I working on a Python project that has a DataFrame like this:
row1 = ['BBB', 'AAA', 'CCC']
row2 = ['CCC']
row3 = ['DDD', 'AAA']
row4 = ['DDD', 'BBB', 'AAA', 'EEE', 'CCC']
row5 = ['EEE', 'AAA', 'EEE', 'CCC']
data = {'List': [row1, row2, row3, row4, row5],
'Path_length': [3, 1, 2, 5, 4]}
df = pd.DataFrame(data)
which leads to:
| | List | Path_length |
| 0 | ['BBB', 'AAA', 'CCC'] | 3 |
| 1 | ['CCC'] | 1 |
| 2 | ['DDD','AAA'] | 2 |
| 3 | ['DDD','BBB', 'AAA', 'EEE', 'CCC'] | 5 |
| 4 | ['EEE', 'AAA', 'EEE', 'CCC'] | 4 |
And the task consists of generating the following DataFrame:
| | Content | Unique | Started | Middleway | Finished |
| 0 | AAA | 0 | 0 | 3 | 1 |
| 1 | BBB | 0 | 1 | 1 | 0 |
| 2 | CCC | 1 | 0 | 0 | 3 |
| 3 | DDD | 0 | 2 | 0 | 0 |
| 4 | EEE | 0 | 1 | 2 | 0 |
where the columns contain the following:
- Content: the elements found in the List
- Unique: the number of times that the element appears alone in the list
- Started: the number of times that the element appears at the beginning
- Finished: the number of times that the element appears at the end
- Middleway: the number of times that the element appears between the beginning and the end.

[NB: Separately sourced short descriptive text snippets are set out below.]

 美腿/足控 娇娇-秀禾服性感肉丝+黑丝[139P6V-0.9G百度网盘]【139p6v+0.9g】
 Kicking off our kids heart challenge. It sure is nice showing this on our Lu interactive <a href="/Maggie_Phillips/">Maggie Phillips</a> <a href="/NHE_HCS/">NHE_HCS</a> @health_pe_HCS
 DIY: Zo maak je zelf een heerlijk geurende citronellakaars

I kind of got a solution for this task, but since I used a lot of loop functions, I can't apply the algorithm to a larger database because the time processing is too high. Could you help me by suggesting a code that solves this task?

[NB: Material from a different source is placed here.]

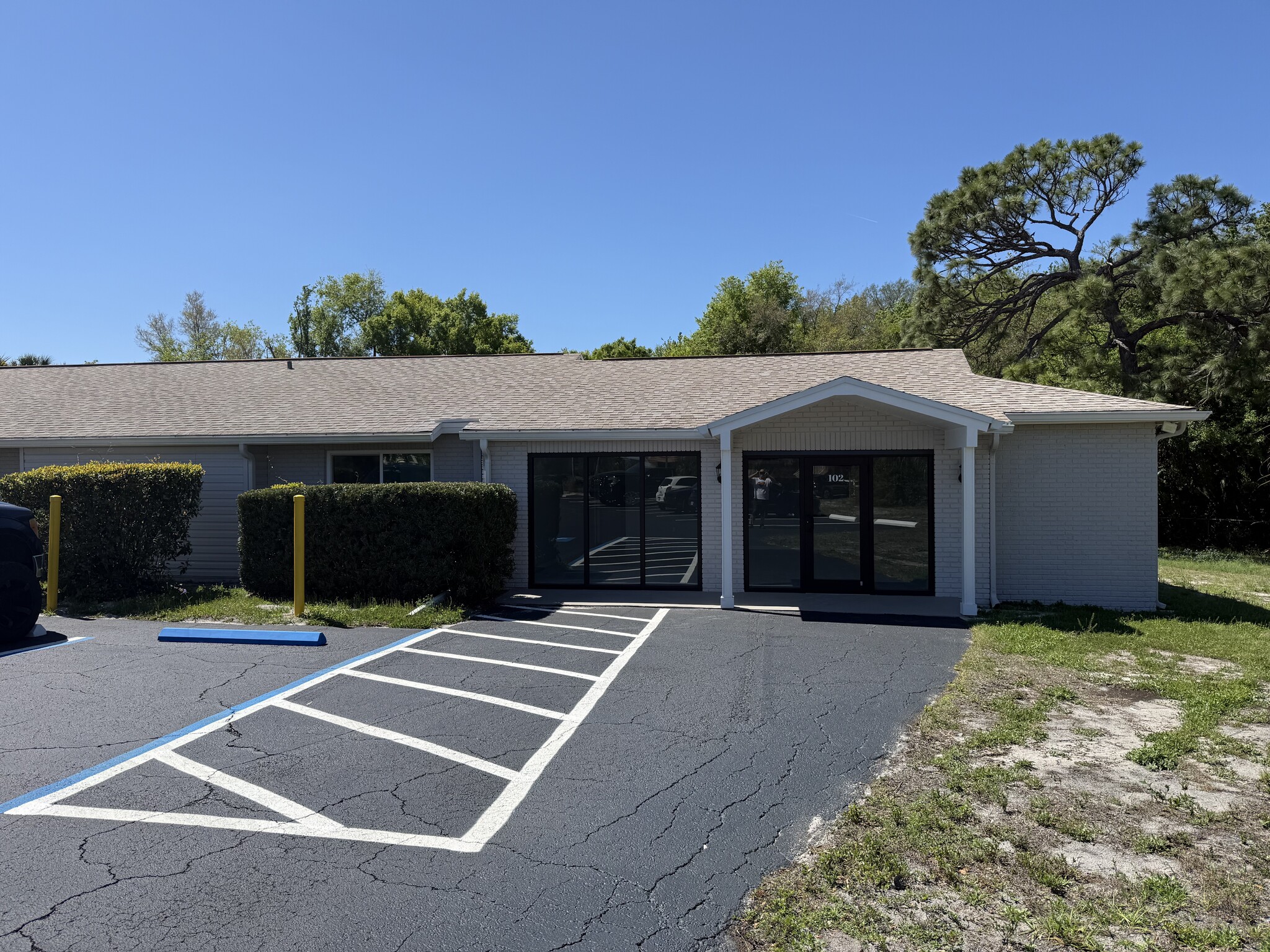 13939 Lakeshore Blvd, Hudson, FL à louer Photo intérieure– Image 1 sur 9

CodePudding user response:
Here's one approach:
You can mask
the paths where the length is 1 (replace values where the condition is True to an empty string ""
so that you can explode
the lists to count the values in them).
Then for those rows, count the "Started", "Middleway" and "Finished" values using value_counts
.
Then, for the rows where the length is 1, count the "Unique" values.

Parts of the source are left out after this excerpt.